The report adds to problems cited in December by an independent construction monitor, Dr. William Jacobs, who is a veteran nuclear industry engineer. He warned that the problems have persisted despite repeated attempts at resolution, and that efforts to recoup lost time could compound existing cost and schedule problems.
As reported today by the Augusta Chronicle, “Although the project is $28 million under budget [which the independent construction monitor says is due to scheduling delays], the report noted cost increases will become more likely in the future due to further delays, unforeseen modifications that might be needed and change orders that have already begun to emerge from contractors Westinghouse and Stone & Webster.”

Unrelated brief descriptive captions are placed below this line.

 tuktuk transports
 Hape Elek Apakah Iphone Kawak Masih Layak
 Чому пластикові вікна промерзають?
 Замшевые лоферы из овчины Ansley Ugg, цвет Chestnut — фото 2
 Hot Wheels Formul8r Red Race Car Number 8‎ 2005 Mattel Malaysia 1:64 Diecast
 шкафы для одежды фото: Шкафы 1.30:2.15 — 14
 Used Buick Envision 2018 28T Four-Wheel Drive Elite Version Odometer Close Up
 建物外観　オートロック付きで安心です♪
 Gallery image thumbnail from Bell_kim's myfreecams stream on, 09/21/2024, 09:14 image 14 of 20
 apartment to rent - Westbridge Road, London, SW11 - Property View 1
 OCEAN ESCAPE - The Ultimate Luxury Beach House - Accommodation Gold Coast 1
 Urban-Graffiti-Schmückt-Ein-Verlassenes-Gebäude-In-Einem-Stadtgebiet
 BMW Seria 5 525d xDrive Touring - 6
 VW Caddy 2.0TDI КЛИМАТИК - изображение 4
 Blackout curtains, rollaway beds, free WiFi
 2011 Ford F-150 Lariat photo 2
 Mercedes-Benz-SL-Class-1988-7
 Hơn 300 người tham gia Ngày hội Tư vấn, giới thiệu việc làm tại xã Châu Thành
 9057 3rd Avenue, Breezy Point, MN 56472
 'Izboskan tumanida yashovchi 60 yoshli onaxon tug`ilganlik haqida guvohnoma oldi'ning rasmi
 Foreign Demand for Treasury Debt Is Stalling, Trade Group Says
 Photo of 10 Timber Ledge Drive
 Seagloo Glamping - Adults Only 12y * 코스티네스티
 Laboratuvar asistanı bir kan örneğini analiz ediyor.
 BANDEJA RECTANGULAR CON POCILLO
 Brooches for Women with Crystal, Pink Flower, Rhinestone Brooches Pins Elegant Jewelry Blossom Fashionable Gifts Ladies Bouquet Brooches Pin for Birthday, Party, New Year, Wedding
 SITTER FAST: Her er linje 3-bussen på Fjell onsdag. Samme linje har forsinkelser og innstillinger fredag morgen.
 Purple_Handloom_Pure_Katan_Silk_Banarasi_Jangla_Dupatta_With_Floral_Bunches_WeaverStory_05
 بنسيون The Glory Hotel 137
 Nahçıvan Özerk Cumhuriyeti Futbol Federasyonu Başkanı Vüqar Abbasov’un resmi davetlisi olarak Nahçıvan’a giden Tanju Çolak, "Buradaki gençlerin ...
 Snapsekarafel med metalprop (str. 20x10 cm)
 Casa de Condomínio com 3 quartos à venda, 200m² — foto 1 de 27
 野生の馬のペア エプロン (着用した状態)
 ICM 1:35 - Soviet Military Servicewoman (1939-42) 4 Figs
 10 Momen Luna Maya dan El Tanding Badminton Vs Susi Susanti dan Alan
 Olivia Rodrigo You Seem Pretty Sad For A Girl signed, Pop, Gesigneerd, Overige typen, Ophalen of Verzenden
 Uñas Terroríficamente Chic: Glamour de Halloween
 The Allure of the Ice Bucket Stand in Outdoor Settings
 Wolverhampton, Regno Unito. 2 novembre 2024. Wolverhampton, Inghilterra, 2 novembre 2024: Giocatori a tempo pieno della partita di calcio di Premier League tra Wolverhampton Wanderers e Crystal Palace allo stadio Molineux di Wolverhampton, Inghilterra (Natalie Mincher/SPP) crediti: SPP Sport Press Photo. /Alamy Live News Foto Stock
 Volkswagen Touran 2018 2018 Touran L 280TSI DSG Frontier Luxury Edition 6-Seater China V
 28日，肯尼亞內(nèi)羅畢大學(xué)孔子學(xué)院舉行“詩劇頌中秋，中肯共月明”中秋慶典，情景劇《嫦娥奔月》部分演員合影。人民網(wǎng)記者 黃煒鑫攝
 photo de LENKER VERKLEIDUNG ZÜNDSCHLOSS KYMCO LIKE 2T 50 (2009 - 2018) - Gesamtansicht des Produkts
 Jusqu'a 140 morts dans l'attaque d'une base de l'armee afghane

Last week, South Carolina Electric & Gas reported $380 million in changes that likely coincide with many of those at Vogtle, since each utility is trying to build two Westinghouse AP1000 reactors. (Georgia Power is claiming trade secret on virtually all cost information except the years-old total estimate of $14 billion for the 2 units).
Today’s news adds fuel to a lawsuit by public interest groups challenging the U.S. Nuclear Regulatory Commission’s approval of the AP1000 plant design. The groups say the agency has not required owners to incorporate widely-expected changes, based on last year’s crippling disaster in Japan, as required by federal law prior to licensing.
Such design changes will boost the prices of AP1000 projects, which could include major alterations such as upgraded protections against earthquakes and consideration of accidents on sites with multiple reactors. Those concerns were fueled this week by a new report on Fukushima revealing that the Japanese government was afraid the triple-meltdown of nuclear reactors would lead to a cascading failure of nearby nuclear plants, thus requiring evacuation of Tokyo.
VERBATIM EXCERPTS FROM GEORGIA POWER’S REPORT
Note: the excerpts exclude a number of problems that arose but which GP says were resolved. I invite you to review these excerpts within the context of the full report:
(Page 2) There will be increased costs to complete the Project … The amount of those costs and the question of which party to the EPC Agreement bears what portion of those costs have not yet been settled between and among the parties to the EPC Agreement.
… There are three broad categories of possible cost increases resulting from submitted and potential change orders.
(Page 3) The Company is currently engaged in discussions with the Consortium to seek agreement on which party bears responsibility … As of the date of this filing, the Company has not agreed that it has any responsibility to the Consortium for any of these unapproved costs and with regard to most, denies any liability at all. With regard to the cost impact on the Owners of potential schedule delay, the Company plans to seek liquidated damages from the Consortium to mitigate any such potential costs.
It is unique for a project of this magnitude not to have a contingency [to cover unbudgeted costs], but the Company supported the Commission determination that it was appropriate in this regulatory setting. Any additional costs, including change orders, over the Revised Certified Amount must be shown to be prudent and approved, rather than simply drawn down from a contingency fund as they would be in a more typical project.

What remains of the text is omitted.